Luckily all of the kitchen staff is Mexican -100 percent. And they’re proud of it, so the Yucatan Sauce is the real deal. I imagine that this sauce is what an ancient Mayan would have made: roasted tomatoes and tomatillos ground up by hand with poblano peppers and laced with cumin, cilantro and, of course, chilies. They spread it over half of a roasted chicken and serve it along with tortillas and rice and beans. It’s mouth watering.
And yet, the food here really plays second fiddle to the atmosphere. It’s close to the Fashion Institute of Technology and a few acting schools so it’s normally populated by students who are looking for a quick, cheap meal or a quite buzz. The waiters flirt with them in a darling way offering them shots of tequila and free glasses of wine.
I come here because I get out of my apartment where I work. And when the weather is good, I love to sit and watch the people passing by on 7th Avenue. New York is a place where you watch people. And I do. And what I appreciate so much about this city is that I feel comforted knowing that there are so many people around.
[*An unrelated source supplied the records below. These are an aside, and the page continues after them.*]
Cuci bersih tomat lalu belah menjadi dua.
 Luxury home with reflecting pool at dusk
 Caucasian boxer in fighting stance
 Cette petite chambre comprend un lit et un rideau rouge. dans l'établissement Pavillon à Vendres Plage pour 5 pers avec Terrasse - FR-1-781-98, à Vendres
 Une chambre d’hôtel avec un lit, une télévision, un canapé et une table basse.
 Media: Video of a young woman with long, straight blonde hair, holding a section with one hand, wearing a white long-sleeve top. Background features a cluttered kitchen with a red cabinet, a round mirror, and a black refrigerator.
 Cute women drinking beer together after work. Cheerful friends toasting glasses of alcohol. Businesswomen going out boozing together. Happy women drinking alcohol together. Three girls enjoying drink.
I often think of what it must be like to live in a place far from society. I’d hate that.
Today I’m having a Caesar Salad with anchovies – not very Mexican but definitely delicious accompanied by a bowl full of chips of different colors. Red, Yellow and Black. The salsa that goes with it is really spicy and piquant. It’s perfect.
A dark, crimson red glass of wine from France, a crisp, green salad named for a King of Rome, hearing rapid Spanish and wafting Portuguese. This, I realize, is what an eatery in Rome — ancient Rome – must have felt like. Languages from all over the Empire with everyone using a language that is not their native one but one they adopt — one they learn well enough to communicate. It makes them feel a part of something a bit larger than themselves. This is New York.